An exact copy of the data is required. No picture may appear in it.

*** Data for processing Section Begins ***

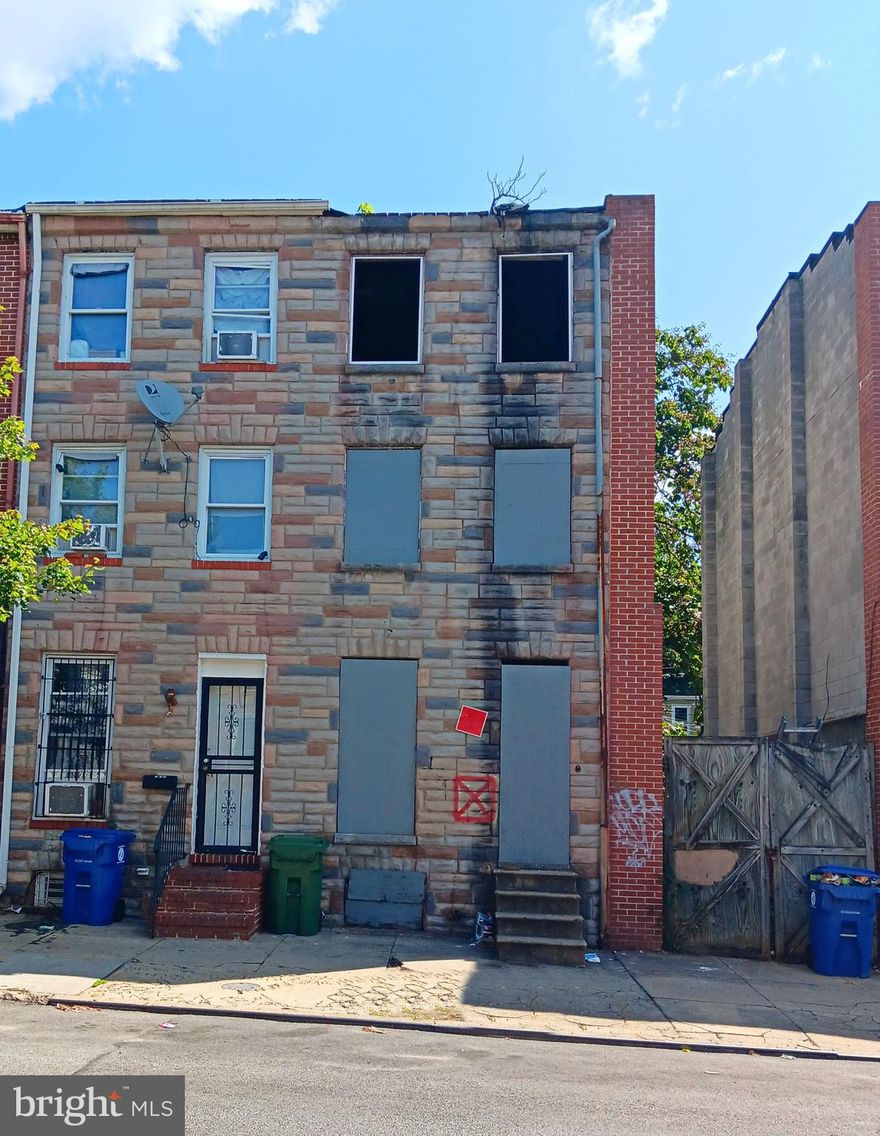 Welcome to this end of the group townhome in the vibrant neighborhood of  Hollins Market! This three level brick home with 3 bedrooms, a full bathroom and an unfinished basement. is great addition to any investor's portfolio to renovate as this area continues to develop. The property offers prime access to business activity and daily conveniences.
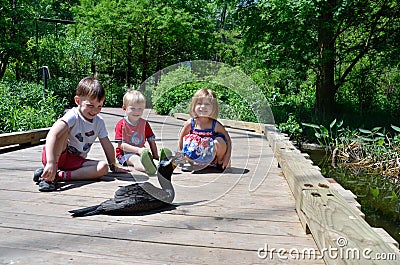 Three children and a bird Stock Photo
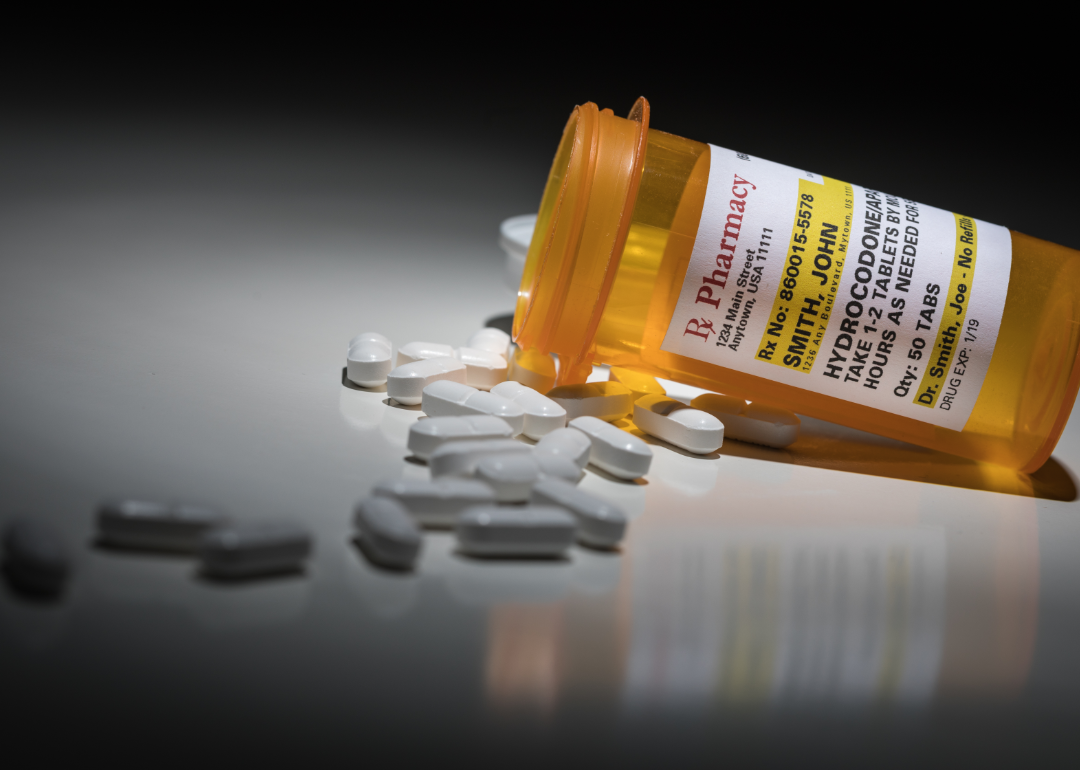 A prescription bottle for Hydrocodone on its side with pills spilling out.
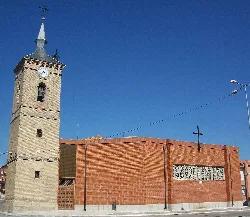 Church of John the Baptist with tower and clock in Cobeja.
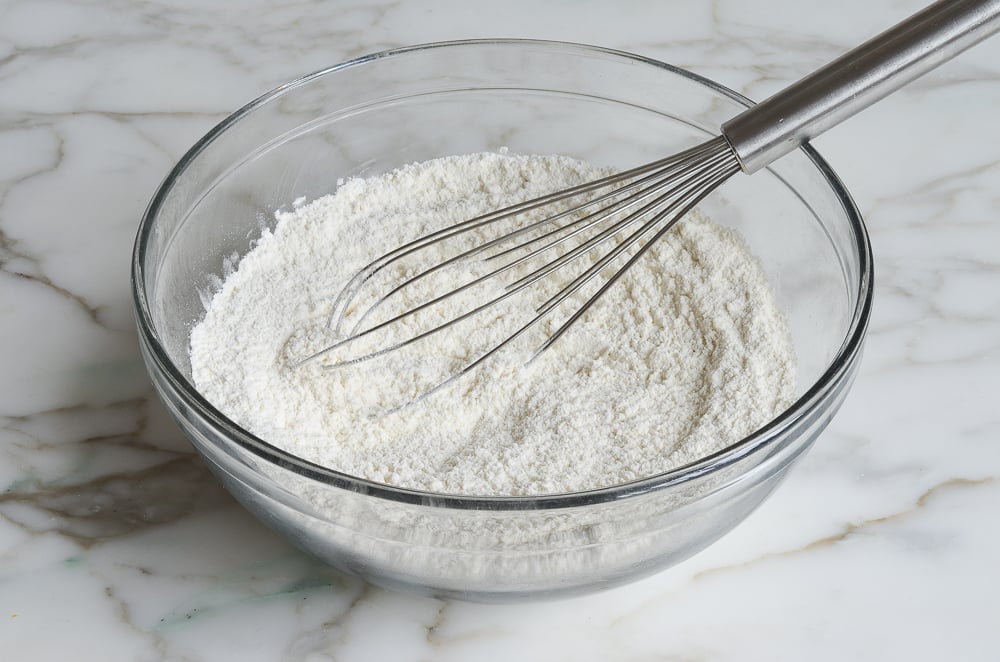 whisking dry ingredients for chocolate chip muffins
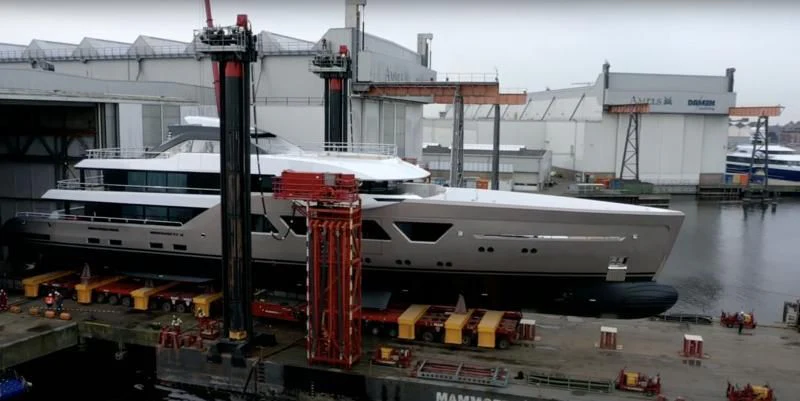 a large white ship docked aboard COME TOGETHER Yacht for Charter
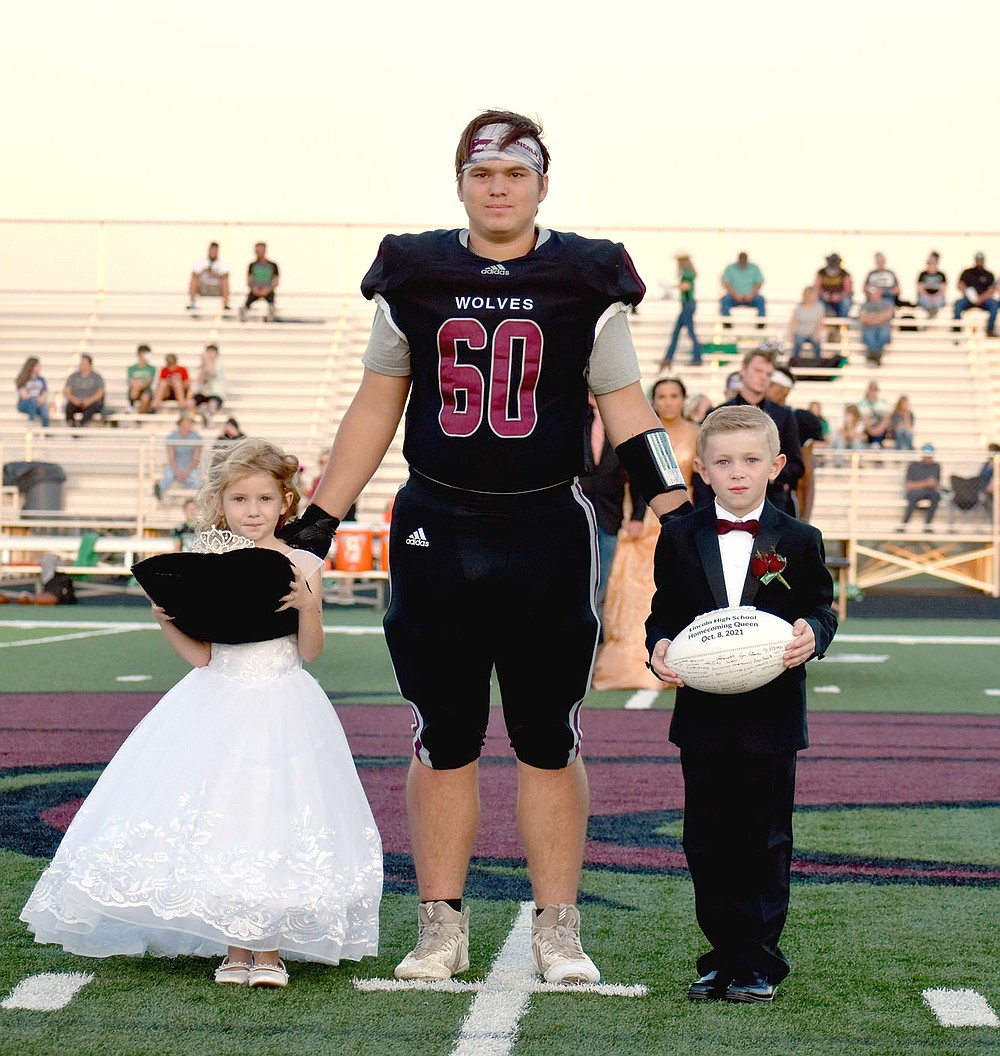 MARK HUMPHREY ENTERPRISE-LEADER/Lincoln Homecoming attendants, Bexlee Price (left) and Maverick Umberson, were escorted by senior Dakoda Christianson.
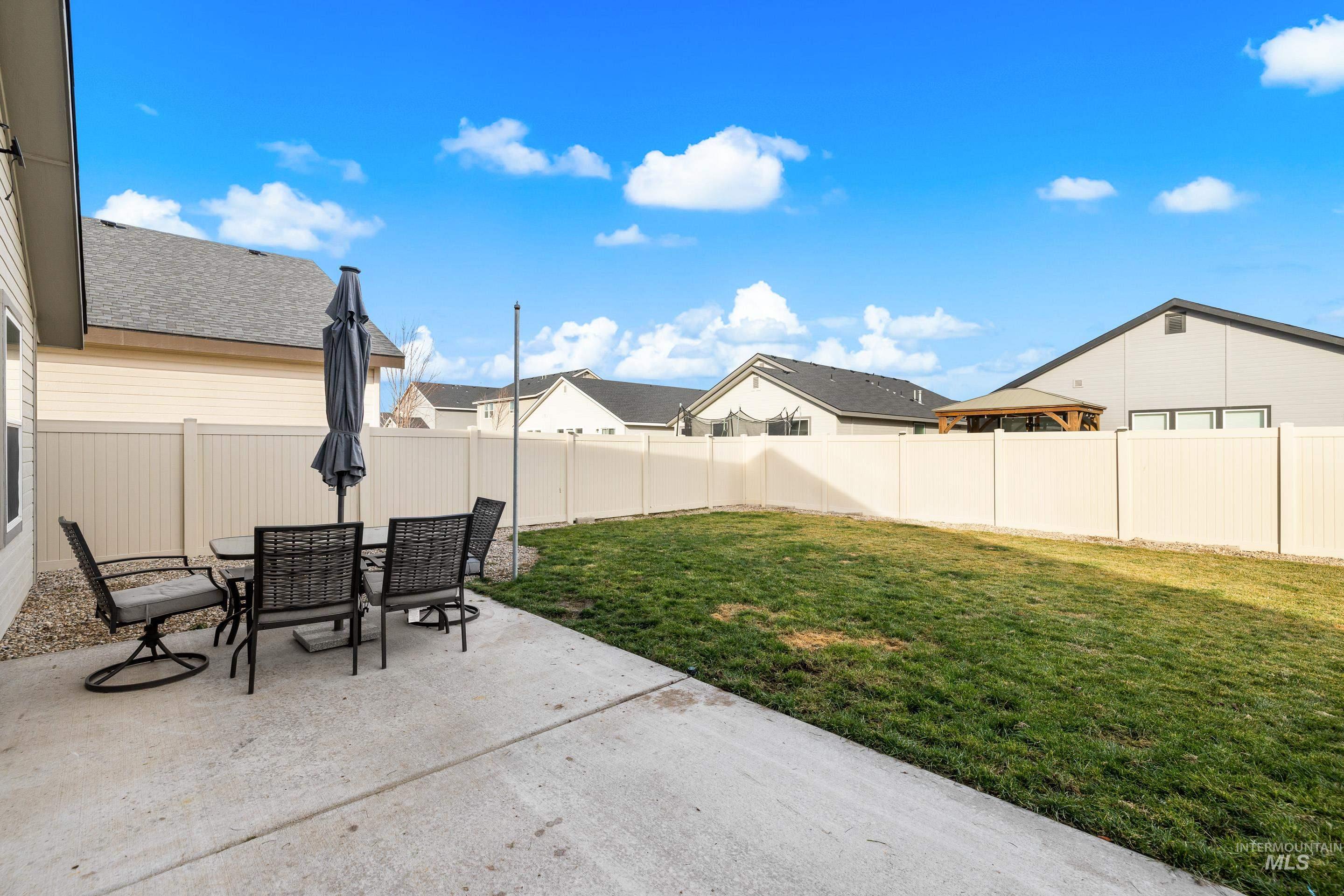 Fenced backyard featuring a patio, a residential view, and outdoor dining space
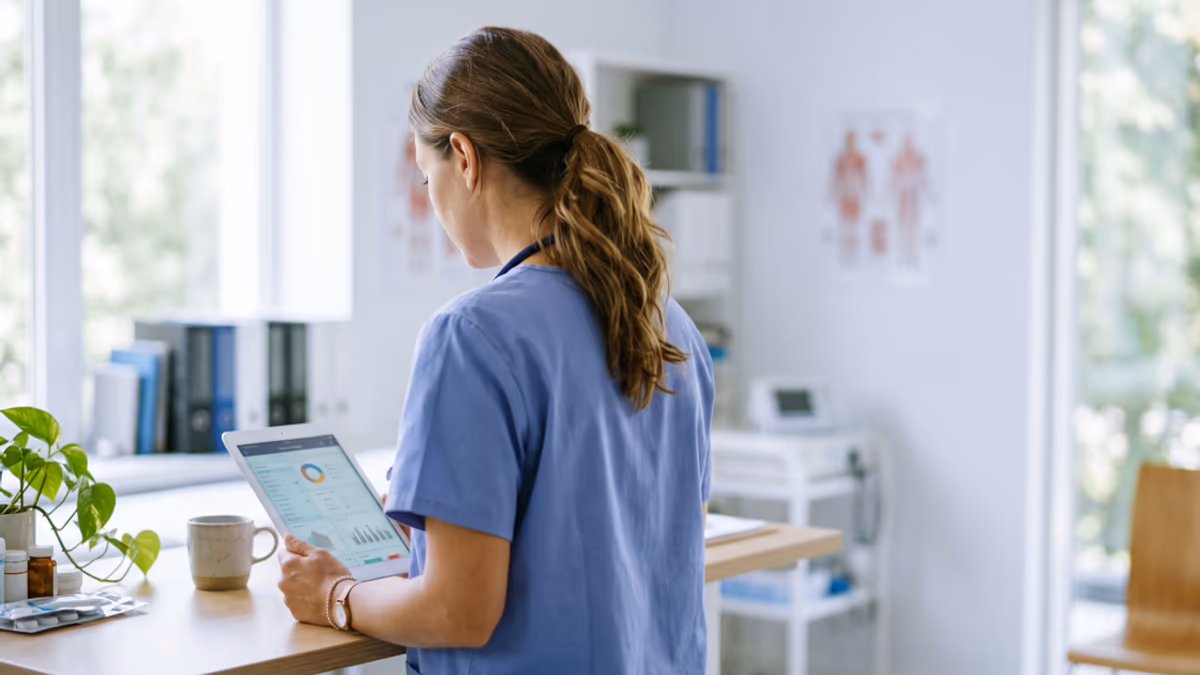 A home health care professional reviewing enrollment paperwork at a desk in a small clinical office, soft natural window light, muted indigo and cream palette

*** Data for processing Section Ends ***

[Your response]
 Welcome to this end of the group townhome in the vibrant neighborhood of  Hollins Market! This three level brick home with 3 bedrooms, a full bathroom and an unfinished basement. is great addition to any investor's portfolio to renovate as this area continues to develop. The property offers prime access to business activity and daily conveniences.
 Three children and a bird Stock Photo
 A prescription bottle for Hydrocodone on its side with pills spilling out.
 Church of John the Baptist with tower and clock in Cobeja.
 whisking dry ingredients for chocolate chip muffins
 a large white ship docked aboard COME TOGETHER Yacht for Charter
 MARK HUMPHREY ENTERPRISE-LEADER/Lincoln Homecoming attendants, Bexlee Price (left) and Maverick Umberson, were escorted by senior Dakoda Christianson.
 Fenced backyard featuring a patio, a residential view, and outdoor dining space
 A home health care professional reviewing enrollment paperwork at a desk in a small clinical office, soft natural window light, muted indigo and cream palette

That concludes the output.